Crazy tornado stories are pretty common in Nebraska, but the Columbus Journal published a pair of especially unbelievable ones in the late 1800s.

Tall tales of the freakish nature of Nebraska tornadoes are sometimes found in the pages of early newspapers. The Columbus Journal is the source for several stories of people supposedly picked up, whirled aloft, and then returned to earth without injury. On December 11, 1878, the Journal editorialized on recent press reports of a Nebraska girl picked up by a cyclone and carried unhurt for a quarter of a mile. The Journal editor remarked:

We saw it in all of our exchanges and we thought it was a pretty good joke, . . . It began by saying ‘A correspondent writing from Columbus, Nebr., says’ and then follows a description of a cyclone at Lone Tree and Clark’s several years since, and a vivid picture it is of a massive black cloud extending a whirling finger toward the earth, and sweeping with great fury whatever came before it, and then of Jennie, a working girl in a hotel, stepping to the door to see what was going on when, as she did so she was caught from the door way by the whirling wind and carried over the house, turning round and round in the air as she went and after approaching the ground on the other side she again arose and was taken by the whirling wind over the stores and dwellings a distance of three-fourths of a mile, being lowered so that her feet could touch the ground as many as eight times during the trip.

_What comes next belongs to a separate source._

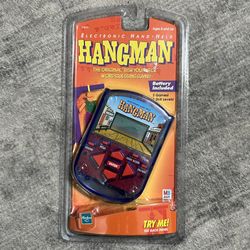 Hasbro Vintage Hangman Handheld Electronic Game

Exhausted, but in an erect position she was at last lowered to the earth as lightly as a feather would fall, having received no material injury, though almost frantic with fright. The storm proceeded on its way, leaving her in sight of the town, and in half an hour she again put in an appearance at the hotel where anxious friends were bewailing her sudden and mysterious departure.

More than twenty years later, on June 26, 1901, the Journal carried another cyclone story, which topped the earlier one of Jennie’s travels. Attributed to Dr. W. H. McHenry, it reported the experience of a disabled woman during a cyclone at Nelson who was asleep in her home directly in the path of the cyclone.

That storm picked her up so gently that her somnolent senses were deluded into the belief that she was making a quick voyage in an airship. Her bed sailed gracefully through the air for almost a mile the invalid smiling in her dreams. Then she was gently deposited between two straw stacks upon eight or ten feet of chaff. But that wasn’t the wonderful part about it.

Down in town Warren Knapp runs a soda water fountain. That cyclone whisked around his store pretty lively and in the general confusion mixed an ice cream soda, flavored it with pineapple syrup and carried it to the bedside of the invalid. By her pillow it descended with a gentle thud and she awoke to find two long straws carefully selected from the farmers straw pile protruding from the glass. An hour later the invalid was rescued and taken to the home of a neighbor. The soda water glass was donated to the museum of the local High school.